BEGIN Record set

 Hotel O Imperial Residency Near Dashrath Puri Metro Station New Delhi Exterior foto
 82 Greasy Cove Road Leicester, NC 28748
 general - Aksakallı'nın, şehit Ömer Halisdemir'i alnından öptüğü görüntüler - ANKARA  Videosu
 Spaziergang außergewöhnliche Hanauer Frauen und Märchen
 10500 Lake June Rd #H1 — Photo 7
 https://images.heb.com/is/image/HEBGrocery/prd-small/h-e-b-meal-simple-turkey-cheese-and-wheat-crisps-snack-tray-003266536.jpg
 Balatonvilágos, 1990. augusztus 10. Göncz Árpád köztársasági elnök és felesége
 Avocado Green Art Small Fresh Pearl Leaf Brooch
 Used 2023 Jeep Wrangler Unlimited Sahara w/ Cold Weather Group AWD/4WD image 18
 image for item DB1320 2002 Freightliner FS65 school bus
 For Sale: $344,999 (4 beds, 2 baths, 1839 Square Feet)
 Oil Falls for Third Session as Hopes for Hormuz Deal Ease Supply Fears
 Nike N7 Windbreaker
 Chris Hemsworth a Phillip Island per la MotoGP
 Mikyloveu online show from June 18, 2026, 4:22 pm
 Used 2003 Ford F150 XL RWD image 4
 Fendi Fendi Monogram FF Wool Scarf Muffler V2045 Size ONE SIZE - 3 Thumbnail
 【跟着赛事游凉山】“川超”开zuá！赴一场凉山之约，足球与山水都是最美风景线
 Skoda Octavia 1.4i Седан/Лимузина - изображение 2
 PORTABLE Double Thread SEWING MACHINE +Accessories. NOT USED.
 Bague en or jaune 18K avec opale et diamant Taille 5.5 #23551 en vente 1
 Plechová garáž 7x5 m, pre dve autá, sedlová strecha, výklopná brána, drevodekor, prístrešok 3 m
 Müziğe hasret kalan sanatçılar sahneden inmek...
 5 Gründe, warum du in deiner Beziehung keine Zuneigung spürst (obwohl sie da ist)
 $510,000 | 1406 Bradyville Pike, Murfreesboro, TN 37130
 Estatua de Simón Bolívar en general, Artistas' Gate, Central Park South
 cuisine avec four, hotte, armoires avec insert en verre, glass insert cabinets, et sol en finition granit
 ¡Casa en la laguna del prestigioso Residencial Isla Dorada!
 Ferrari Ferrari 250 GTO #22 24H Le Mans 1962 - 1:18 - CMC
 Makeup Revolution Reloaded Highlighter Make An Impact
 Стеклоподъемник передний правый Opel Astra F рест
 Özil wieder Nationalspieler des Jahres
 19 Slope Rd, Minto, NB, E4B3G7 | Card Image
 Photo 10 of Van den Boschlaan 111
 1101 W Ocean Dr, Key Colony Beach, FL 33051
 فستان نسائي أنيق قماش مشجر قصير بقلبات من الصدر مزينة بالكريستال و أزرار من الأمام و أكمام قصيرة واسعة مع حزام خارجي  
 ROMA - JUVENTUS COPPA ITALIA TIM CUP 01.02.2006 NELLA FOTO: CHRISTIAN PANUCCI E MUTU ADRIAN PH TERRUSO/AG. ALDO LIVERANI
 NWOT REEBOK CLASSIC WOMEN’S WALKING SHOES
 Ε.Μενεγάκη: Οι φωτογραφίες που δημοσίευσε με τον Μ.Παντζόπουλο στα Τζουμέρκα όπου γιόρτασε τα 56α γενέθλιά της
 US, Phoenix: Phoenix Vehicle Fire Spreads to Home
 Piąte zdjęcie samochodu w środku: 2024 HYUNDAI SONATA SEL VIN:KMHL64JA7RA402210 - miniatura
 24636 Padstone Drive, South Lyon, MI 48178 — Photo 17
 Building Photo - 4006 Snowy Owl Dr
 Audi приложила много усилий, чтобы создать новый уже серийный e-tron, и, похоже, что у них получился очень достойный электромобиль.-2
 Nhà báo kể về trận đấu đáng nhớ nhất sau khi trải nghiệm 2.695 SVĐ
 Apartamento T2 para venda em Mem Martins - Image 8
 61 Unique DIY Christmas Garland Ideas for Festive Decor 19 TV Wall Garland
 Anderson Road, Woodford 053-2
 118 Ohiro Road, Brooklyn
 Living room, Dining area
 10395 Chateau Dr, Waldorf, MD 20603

END Record set

Among the records above, repeat exactly the line with "Estatua de Simón", the line with "Стеклоподъемник передний правый", and every line in between, and only those.

 Estatua de Simón Bolívar en general, Artistas' Gate, Central Park South
 cuisine avec four, hotte, armoires avec insert en verre, glass insert cabinets, et sol en finition granit
 ¡Casa en la laguna del prestigioso Residencial Isla Dorada!
 Ferrari Ferrari 250 GTO #22 24H Le Mans 1962 - 1:18 - CMC
 Makeup Revolution Reloaded Highlighter Make An Impact
 Стеклоподъемник передний правый Opel Astra F рест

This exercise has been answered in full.